According to Girard, humans desire by mimicking. This is called mimetic desire. There is a model that possesses an object and a subject that desires the same object by a way of mimetic. When the object of desire is limited and cannot be possessed by both at the same time, there will then be a rivalry between the subject and the model. At this stage, the mimetic desire will lead to a mimetic crisis. When this crisis reaches a breaking point, the blame will be laid on a minority group or individual outside of the popular culture.
This becomes a scapegoat to be sacrificed for the return of normalcy. The violence meted on the scapegoat does not actually solve the problem. It rather helps the warring factions to ventilate their anger. Whenever there is crisis in the society, the same process is repeated again and again. The alterity is what makes a scapegoat. Alterity breeds fear and ignorance and when not well managed could breed aversion, hatred and even violence. This is the root cause of racism. Considering the dark skin colour of the sub Saharan Africans, they are placed at the end pole of the alterity scale and bear the greatest brunt of racism.

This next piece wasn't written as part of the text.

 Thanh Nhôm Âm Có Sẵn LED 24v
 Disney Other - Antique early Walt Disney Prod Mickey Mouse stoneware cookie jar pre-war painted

A crime committed by an Arab, for example, is blamed on a black African. Foreigners are accused of stealing jobs from the Germans, causing unrest in the society and polluting their racial purity. Good to note is that many Germans are not guilty of this. The racists are only a small fraction of the population.
Germans are not the only people known for racism. It is everywhere in the world. That of the Germans is so obvious because of a philosophical system that taught it for a long time. Immanuel Kant and the German idealists such as Hegel, Schopenhauer, and Nitezsche had elements of racism in their philosophies. This peaked in Adolf Hitler´s propaganda on the superiority of the Aryan race. Today, such binary is taken up by the Alternativ für Deutschland (AfD), a political party seen by many as new Nazi. This makes life uncomfortable for many foreigners especially the blacks and Nigerians inclusive.
At home, many Nigerians also suffer a kind of reverse scapegoatism. Many in Nigeria blame their relatives abroad for their misfortunes. The so called entitlement mentality has clogged their wheel of success. This is more than a personal opinion. Through a mimetic catharsis, it has become almost a creed among some folks in Nigeria. This has led to the exploitation of their friends and relatives in diaspora. Trapped in the two worlds that see them as the scapegoat to be sacrificed, these migrants end up in a life of unfulfilled dreams and aspirations.
A milestone in the civilization is therefore recognizing that the supposed scapegoats may not necessarily be the cause of their problems both in the country of origin and in the land of the supposed greener pasture. Also, beneath the so called greener pastures are dry leaves as well.